MySQL High Available with MHA

01 Monday Jun 2015

Posted by Moll in High Availability (HA), MySQL, MySQL Operations

Tags

Providing a suitable High Availability (HA) solution for each database system is one of the challenging tasks for a DBA and here we have to answer some questions like the following ones:

What is the cost for that HA solution?
Is it required to change the system structure or the DB design to use that HA solution?
Is it complicate to understand, use or maintain ?

Choosing the suitable HA solution for each system will depend on the answers of such questions …
In this post, I’m going to write about MySQL Master High Availability MHA as a nice tool which provides HA for MySQL by performing automatic fail-over or fast online master switching with almost no downtime!

Before going through more details about MHA, let’s first answer the previous questions:

MHA is a free opensource tool, no cost to use it in your system and even no additional servers are required.
No system changes or DB redesign are required to use MHA, keep your system as it is and just use the tool! (Assuming that MySQL replication is already being used).
MHA is easy to implement and its usage is simple.

Overview

As I mentioned above, MHA provides two main benefits:

Automatic fail-over: which is helpful for the unexpected master failure, crash, … etc. (the fail-over can be done also manually).
Fast online master switching: which is helpful when performing the regular planned or scheduled maintenance operations like kernel updates, MySQL upgrade, HW upgrade, … etc.

If we have 3 servers, master and two slaves (slave1 and slave2) and we want to perform a planned maintenance on the master, we will need to perform the following:

Make sure that no slave lagging problem and all servers are at the same point.
Promote one of the slaves (slave1) to be a new master.
Point the other slave (slave2) to slave1 instead of master.
Configure master to be slave for slave1 to get all updates which will happen during the maintenance.
Stop MySQL service on master to perform the maintenance operation (kernel update “server restart”, MySQL version upgrade, .. etc).
Start MySQL service on master and wait until getting all missing transactions from slave1.
Promote back master to be the current master.
Re-point slave2 to master again.
Configure slave1 to be back as a slave for master.

It’s not as simple as it appears, especially, if classic replication is being used because we will need to get the matched binary log file name and position between the old master and the new one to be used on the slave(s) in the re-pointing step to the new master!
Also, it makes sense to use VIP on the top of the DB layer to be used by the application to avoid extra work from the application – or maybe downtime – during the fail-over process.

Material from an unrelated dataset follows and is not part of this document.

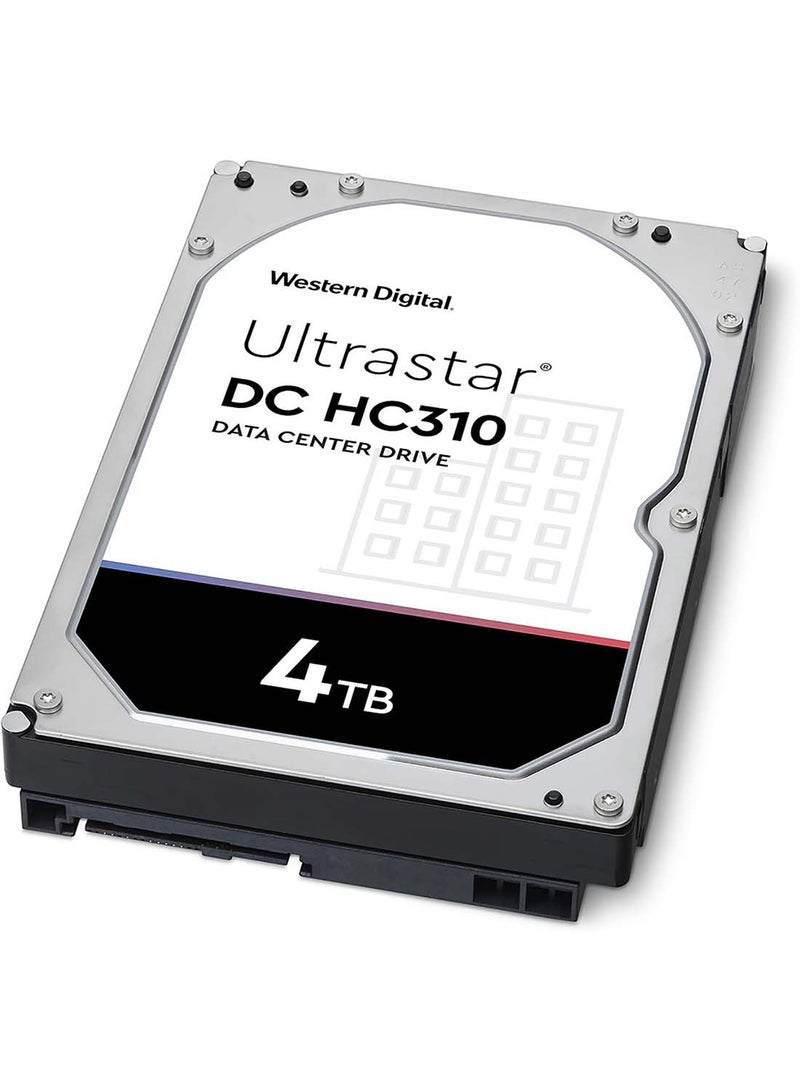 Ultrastar DC HDD Server HC310 | 4TB Capacity | 6GB/s SATA | 3.5-INCH DATA CENTER HARD DRIVES | RPM 7200 | 512E SE | Transfer Rate Up to 255MB/s | Dual-stage Micro Actuator| Silver 4 TB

So, we will need to do extra steps to remove/add the VIP from/to the demoted/promoted master!

MHA can make such process pretty simple and easy!!

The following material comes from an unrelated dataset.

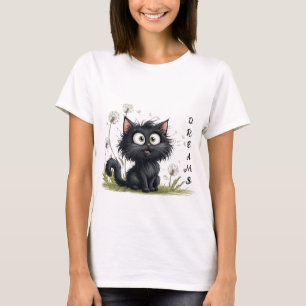 T-shirt Chat au pays des Dandelions Fluffy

Implementation of MHA (version 0.56 at the time of writing this post)

Installation:

MHA consists of two packages, node and manager:

Node package: Should be installed on all DB servers (the master and the two slaves in this example).
Manager package: Recommended to be installed on a separate server but it’s OK to install it on any one of them (preferred not the master in case of the master failed e.g. slave1).

Note:

MHA packages can be downloaded from here.
Some Perl dependencies are required (DBD::mysql on all servers while Config::Tiny, Log::Dispatch, Parallel::ForkManager and Time::HiRes are required on the manager).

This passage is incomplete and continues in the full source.